Following the success with the public and press last year, we are once again offering a section of the funniest and most scathing comedies of recent production from the three continents. To select them, we asked Gino and Michele, the founders of Zelig and the hotbed par excellence of comedy in Italy, for their collaboration. With the birth throughout Africa of a more popular cinema, produced and distributed in video following the success of the Nigerian phenomenon of Nollywood, the genre of comedy as films of entertainment, but also as keen analysis and social catharsis, is beginning to develop. The genre is also gaining great popular success in Asia and in Latin America. To give voice to this new trend and also to give dignity to a genre that film criticism has always ignored, last year the festival created a new section dedicated to the laughter in the world. The selection only addresses films for the cinema, excluding for the time being the enormous production of comic series for TV which would form a chapter on their own. We are therefore avoiding comedy which is too standardized to present, as always, cinema of quality which stands out by the originality of its approach and creativity.
Digital shadows: the new generation of Chinese films
A selection of films with their national premiere from the retrospective "Sombras digitales" presented in September 2011 at the Festival Internacional de Cine de Donostia - San Sebastian, by Bérénice Reynaud.
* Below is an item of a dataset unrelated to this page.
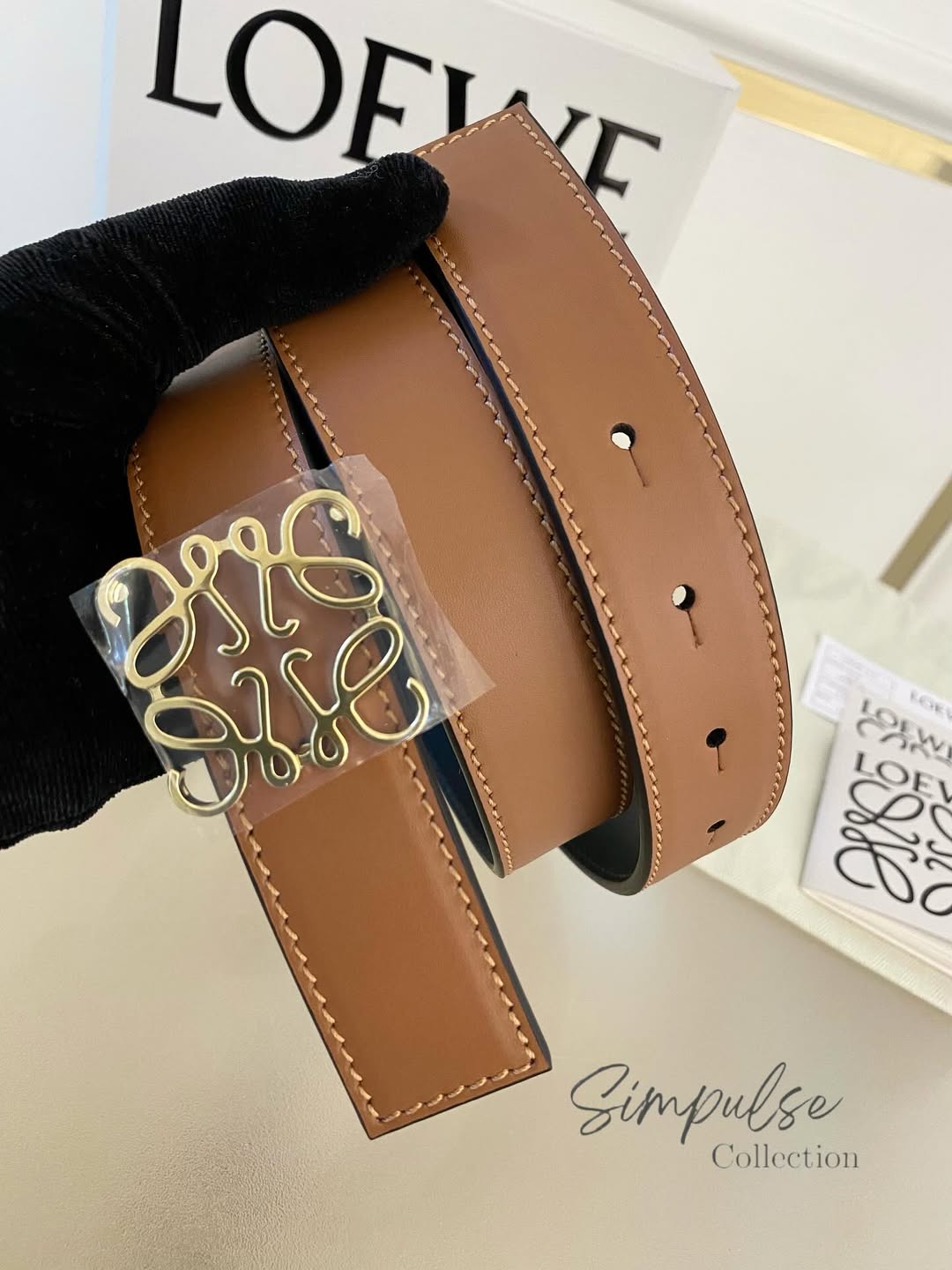 LOEWE Anagram Reversible Smooth Calf Leather Belt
In Chinese culture, the expression “electric shadows" ("Dian Ying") refers to the art of the cinema. Today, the electricity of those first projectors has largely been replaced by digital video, through which a generation of new filmmakers have become the witnesses of a rapidly transforming society. Not only because the luminosity and the mobility of the new shooting equipment allows filming daily life in interiors and in places of difficult access, but because it puts an end to the conception of the central position of studios which had become the norm following the Maoist nationalization of the film industry. In recent years, Chinese independent cinema has thus undergone a rapid development with the passage from film to bytes. With digital technology, filmmakers have become more daring in exploring their country with films that are hybrids between fiction and documentary. In this section, we have selected 10 films made using digital technology in the years 2000-2010. Thanks to a plurality of points of view and approaches, the titles in this retrospective show us the reality of China today, going far beyond mere nostalgia or simple social protest. Let yourselves be carried away by the multiple forms of new Chinese digital cinema to set off on a surprising journey in the Other China, the unassimilated and irrepressible vitality of its people: the cultural, linguistic and architectural diversity, the great discrepancy between the city and the countryside, between the nouveaux riches and the eternally poor, the ambivalent embrace of modernity, the bitter disputes with landowners, property speculation and chattiness, in short all those aspects that for some time now have replaced the hackneyed stereotype of the stoic peasant or the child bride.
The African Film Festival is not an isolated episode of the activity of
the COE but, on the contrary, can be considered as the most significant
moment of all the activity of promotion and cultural animation that the
COE has offered the countries of the South of the world since 1987.